Why, you ask? Two words: personal branding. Online dating was a moment of confidence and clarity in my life. I knew who I was and what I wanted. So when I was faced with doubt and anxiety at finding clients I turned to that experience for help.

Spoiler alert! Despite my best efforts to avoid being a poster child for anything conventional (convention, yuck!), I am a poster child for online dating. I joined on a Tuesday and on that Friday I went on my first date with the man I would end up marrying 2 years later. And ladies, this is not some Cosmo bull$h*t on how finding a husband is like climbing the corporate ladder. This is instead about a trend we should take note of in terms of how we connect to people online and offline.

Personal Branding

Your typical online dating site works using a three-pronged system; photos, match %, and a descriptive profile. While I could easily draw conclusions about the use of photos and personality-based metrics, for the sake of space I will only focus on the third-prong: the personal description.

Lets start off by filling out a profile on OkCupid and along the way I will show you how in meeting my husband, I learned an incredibly important lesson in branding and client hunting.

Fill in below and find love instantly…

Below I have copied the sections from OkCupid that they ask you to fill in. As an aside, this was no random choice. I am not just a fan of this site for delivering me my husband (express): I am a fan because they really understand what connects people. The questions below may look fairly standard but in them is a goldmine of critical information. You just have to know how to read it and then write it.

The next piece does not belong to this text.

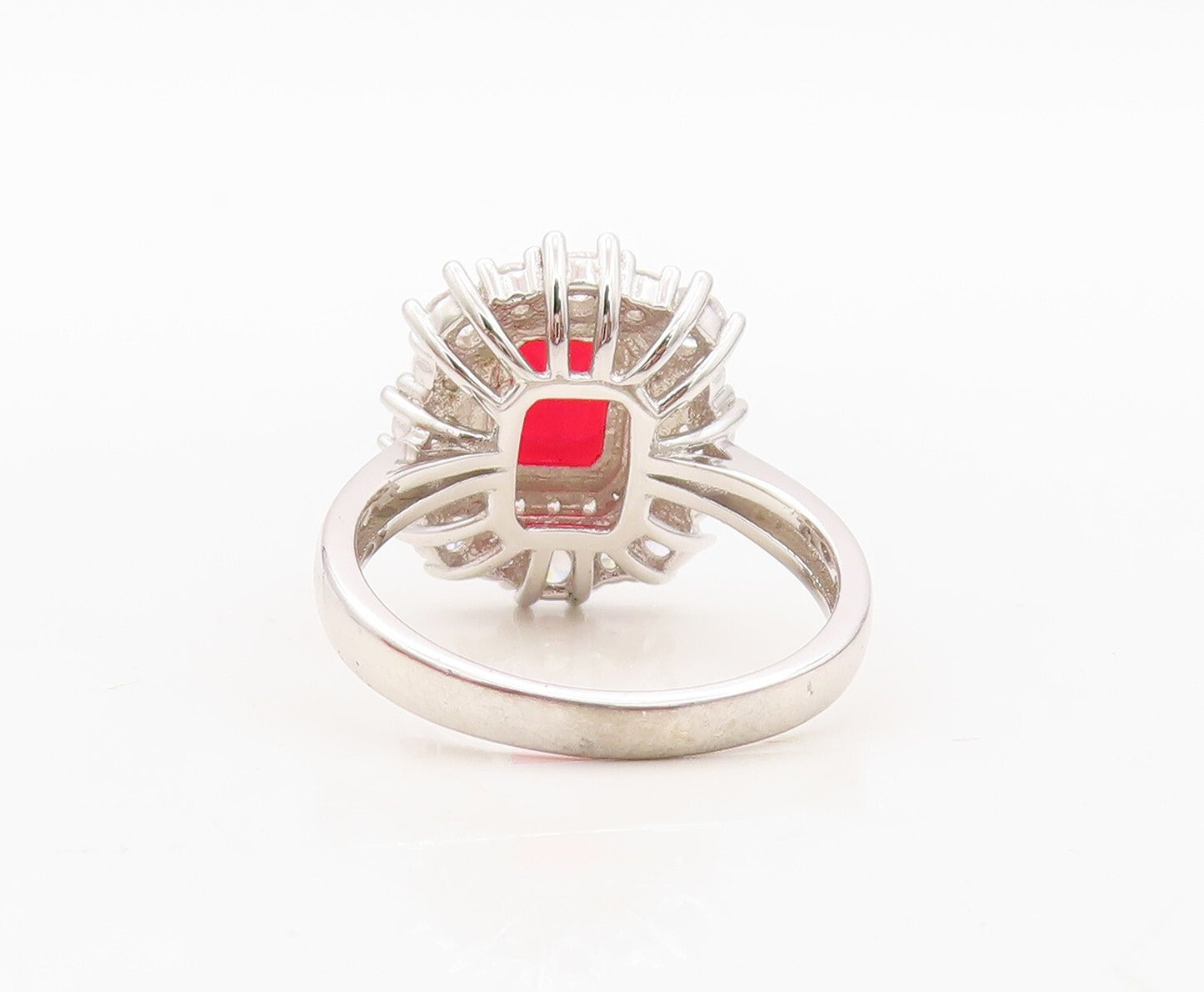 925 Sterling Silver Vintage Ring Rectangle Red Halo White CZ   Sz 7  RG30363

* If you are interested in doing this personal branding exercise – scroll to the end of the post and print out the detailed list. I encourage you to try and fill it in before reading the rest of this post and then again at the end of reading this post. Please feel free to share some of your insights in the comments section.*

  1. My self-summary
  2. What am I doing with my life
  3. I’m really good at
  4. The first things people usually notice about me
  5. Favourite books, movies, shows, music, and food
  6. The six things I could never do without
  7. I spend a lot of time thinking about
  8. On a typical Friday night I am
  9. The most private thing I’m willing to admit
  10. I’m looking for
  11. You should message me if

Step 1: Who am I?

Imagine for a minute that you are doing this exercise for the purpose of dating. You may see self-summary and think, “I will list all my relevant experience to prove how valuable I am”. You begin with a list of your schooling, dating experience, relationship skills, and end with an account of all the high-fives you’ve received in your climb to being an excellent partner. We do this when we look for work so why don’t we do this in dating? Because we know that this is not how real connections are made. Entrepreneurship relies on the relationships you build with customers and clients. So why do we forget that when we enter a professional situation?

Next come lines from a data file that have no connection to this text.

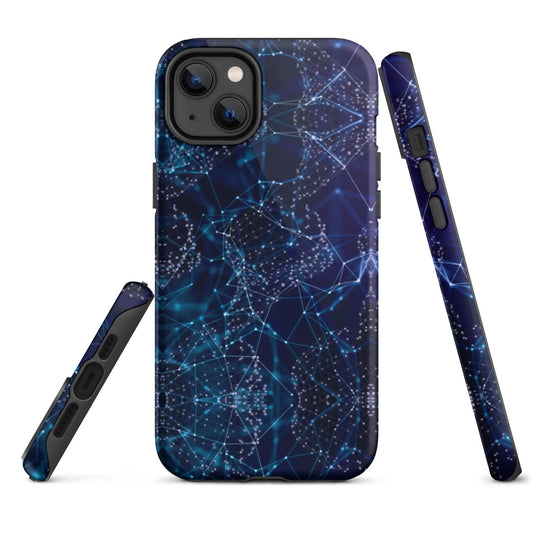 Blue Polygon Double Layered Impact Resistant Tough iPhone Case 3D Wrap Matte or Glossy Finish CREATIVETECH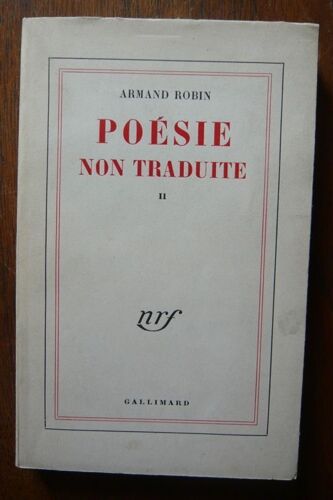 Poésie Non Traduite (Ii)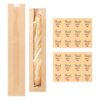 Yoodelife Baguette Bags for Homemade Bread with Stickers, Reusable Kraft Paper French Bread Loaf Packing Bags, Long Sourdough Paper Bag with Clear Front Window Bakery Storage Bag, Pack of 20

There is evidence all around us of the things we are good at. That evidence doesn’t just take the forms of certifications, awards, recognitions, and degrees. Open your mind and think about all the things that you do well: all the moments in your day/week where you feel particularly strong. Here are mine:

When I first did this exercise (as in, when I decided to go off on my own) this was my list:

  • Video production
  • Project management
  • Strategic thinking
  • Team work

The list goes on but I think you get the idea.

Now I will show you my list after I decided to open my mind and take away those pesky boundaries that are reinforced in resume writing:

  • Meeting new people
  • Connecting friend groups
  • Hosting parties
  • Public speaking
  • Caring for pets
  • Communicating my boundaries
  • Getting people excited about something new

I look at that last list and see a few themes pop out at me. One of those themes is nurturing. So how does that translate into my work? It is important for me to feel like I contribute to the quality of life of the people (and animals) around me. So maybe instead of presenting myself as a digital media service, I should talk about how I love to: nurture projects, understand each clients needs, and help clients develop a work environment that strengthens the type of work they do.
Boom! I am good at that! It is my authentic self. “Nurturing Toni” is going to attract much better suited clients than “video production Toni”. Why? Because not only is it authentically imbedded in my sense of self, there are way more access points for a conversation about my skills as a nurturer than my skills in video production.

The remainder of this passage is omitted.